── Given data ──
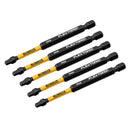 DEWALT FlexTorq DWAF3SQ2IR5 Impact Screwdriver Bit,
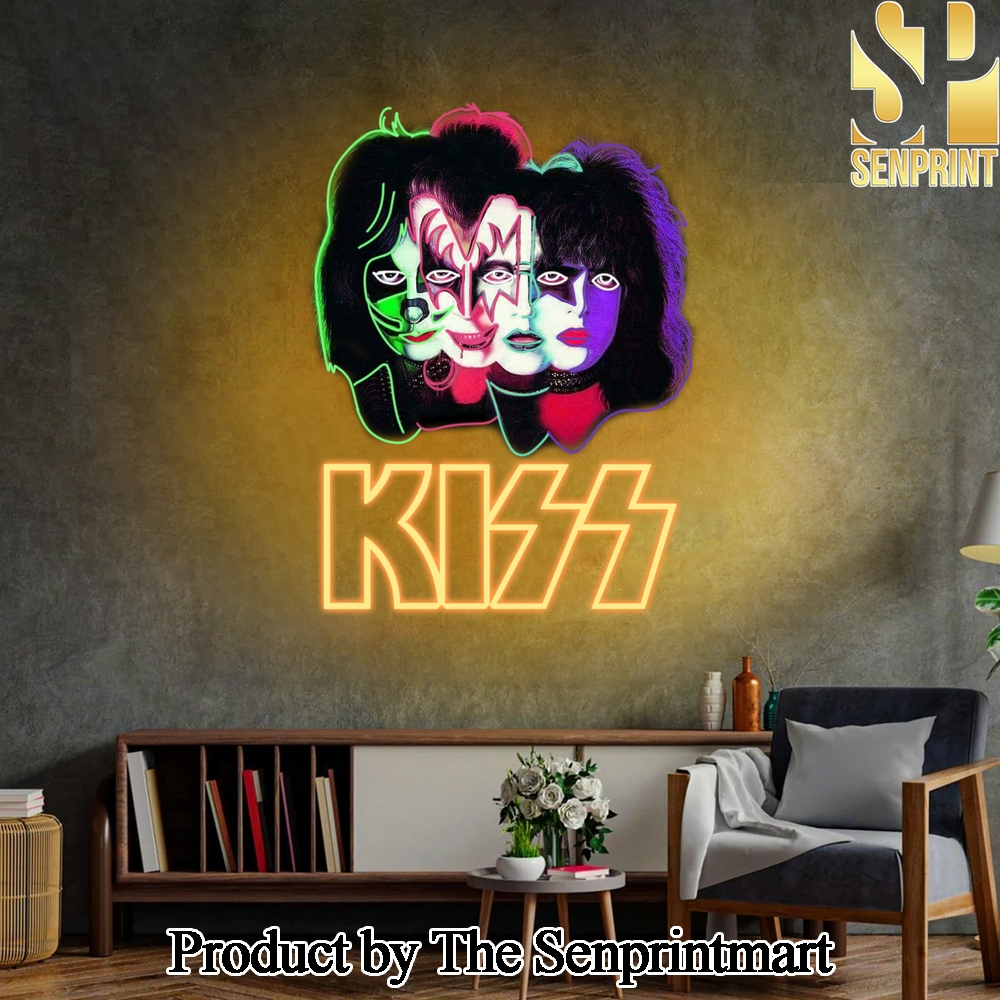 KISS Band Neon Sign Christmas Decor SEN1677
───
── Given data ──
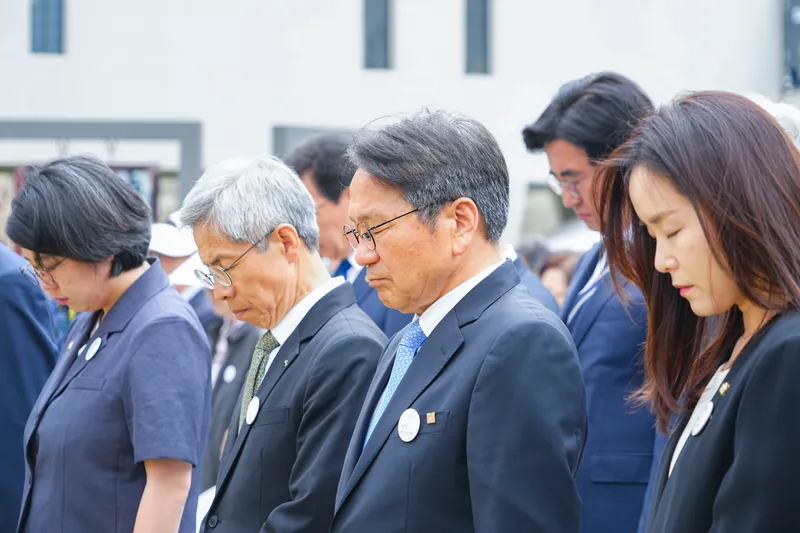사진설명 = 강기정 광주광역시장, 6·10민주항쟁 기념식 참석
───
── Given data ──
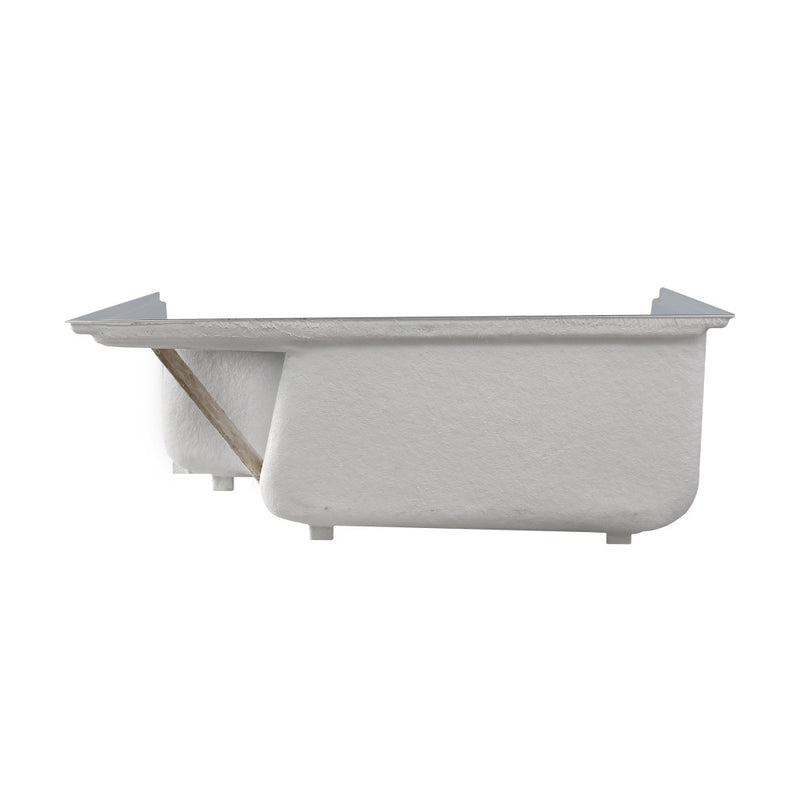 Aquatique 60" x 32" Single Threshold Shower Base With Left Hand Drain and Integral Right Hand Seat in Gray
───
**Exercise brief**
An exact copy is needed. It runs from the line above containing "DEWALT FlexTorq DWAF3SQ2IR5" down to the line containing "KISS Band Neon Sign Christmas Decor SEN1677", both included, with no pictures.

**Finished task**
 DEWALT FlexTorq DWAF3SQ2IR5 Impact Screwdriver Bit,
 KISS Band Neon Sign Christmas Decor SEN1677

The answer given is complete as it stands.